4. Let the music play.

My house is filled with music; I listen to a variety of styles and musicians all day long, according to my mood. It’s the best therapy and power-booster I know. Sometimes I dance to it too and even get extra-points (read smiles) and happy cheers from my nr. 1 fan, aka baby Clover.


© Clover

5. Have friends over for brunch.

Okay, I see that look on your face and I can almost hear your thoughts:” What on Earth is this woman talking about? I barely find time to jump in the shower for 5 minutes!” Well, again it’s doable, I promise. You don’t have to cook fancy meals. In fact, you don’t have to cook at all.

We recently just bought a variety of French and local cheeses, some fresh-baked baguettes, we added fresh fruits and some good wine and had a “Wine & cheese brunch“ on a Sunday afternoon. Be inventive and keep it simple. Why not have a “Pizza Party”? It sounds complicated, but in reality all you have to do is to have some pizza delivered to your place and something to drink. And this is only the starting point: think Chinese, think sushi, think tea-party (you just have to boil water and buy a cake), the options are infinite.

Whatever fits your gastronomic taste, time and disposition. The point is for you to be with your friends again, to share some laughs and get out of your daily routine. Your baby needs to be in the company of adults too, not to mention so do you!

6. Use your evening-off pass.

My husband and I have this understanding: every week or every two weeks we are allowed to an evening off & out, while the other one stays at home with Clover Jr. He uses his pass to have a drink with the boys and I use mine to go to the movies. I recently  had a “date” with these guys and saw them live in their first concert in Bucharest.
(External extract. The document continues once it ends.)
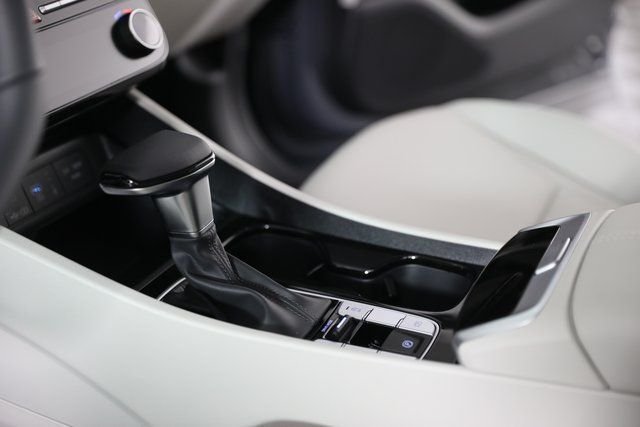 Used 2026 Gray Hyundai SEL Premium image 15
7. Baby-blues and postpartum depression.

I had my fair share of crying back in the days, especially in the first month after baby Clover was born. However, I never felt depressed, so I don’t know what to say on this subject. Yet I found this heartening, sincere post and I want to share it with you.

8. Deal with guilt.

Okay, breaking news: we all go down that road. Some of us just one too many times. We worry and we question our decisions, our legitimacy and authority as mothers. “Am I doing the right thing for my baby?” or “Am I spending enough time with her?” or “Am I too tolerant/ moody/ harsh/ protective?” Sounds familiar?
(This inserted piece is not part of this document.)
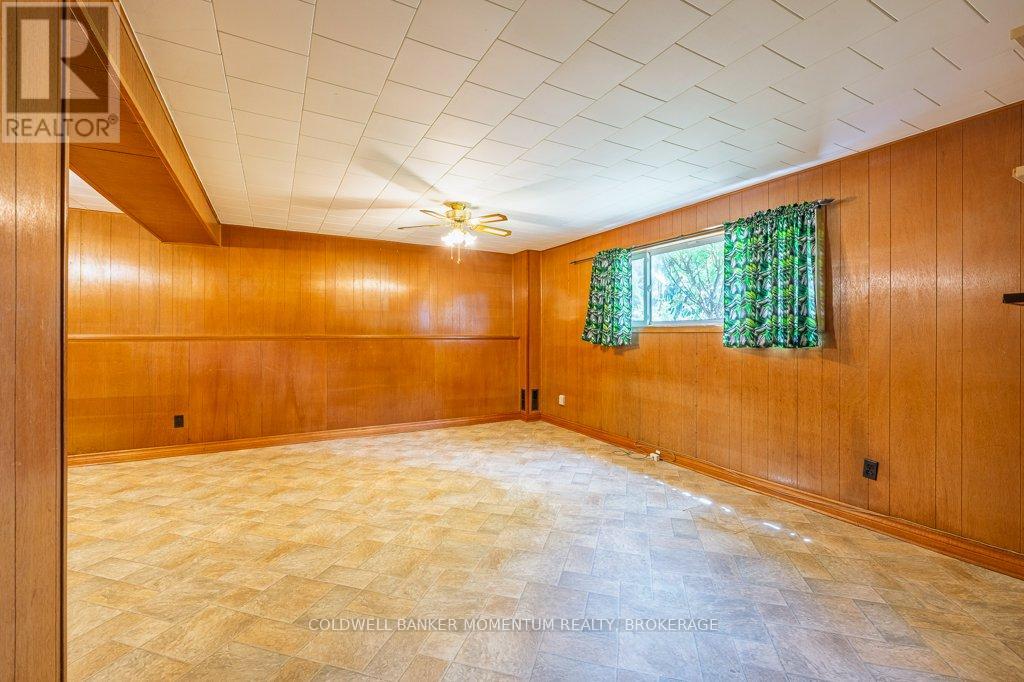 82 Mcdonald Avenue, Thorold, Ontario  L2V 3E7 - Photo 25 - X12394660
My remedy on guilt is this: whenever I feel a soft breeze of self-consciousness coming my way, I ask myself this: “Do I have my child’s best interest at heart?”, “Do I try/give my best?” if the answer is “Yes” then I stop feeling guilty. God knows we all try; we are not perfect, but only human and alive. And for these reasons and these reasons only, we are good mothers. The best ones our children could have.

9. Engage in a project.

Start knitting, start a blog, paint something, browse through the DIY blogs/magazines. For years I thought I’m the proud owner of two left hands, but guess what: it’s not true. While I’m no Picasso nor Martha Stewart, I discovered I am good at making (some) things. I painted several paintings for my own pleasure, learned to bake three different cakes, hand-sewed a quilt from old shirts for baby Clover and made all the deco (again nothing complicated) for her Christening party (read paper pom-poms, paper mustaches on a stick, paper name garland etc.). It made me so happy having something to “work” on and something to look forward to every day.

10. The writing on the wall.

Right above Clover Junior’s bed I framed her 3 month anniversary gift that I painted (and printed) myself. I will let the picture below speak for itself and only add this: it’s a good reminder!

And as I end, what I hope to be a happy post, I’ll only add one more thought.

Motherhood, the way I see it, is not a beauty parade or a popularity contest. But if it was, be 100% sure that YOU are the big winner, as in your baby’s eyes there is only one contestant and only one winner: her mother!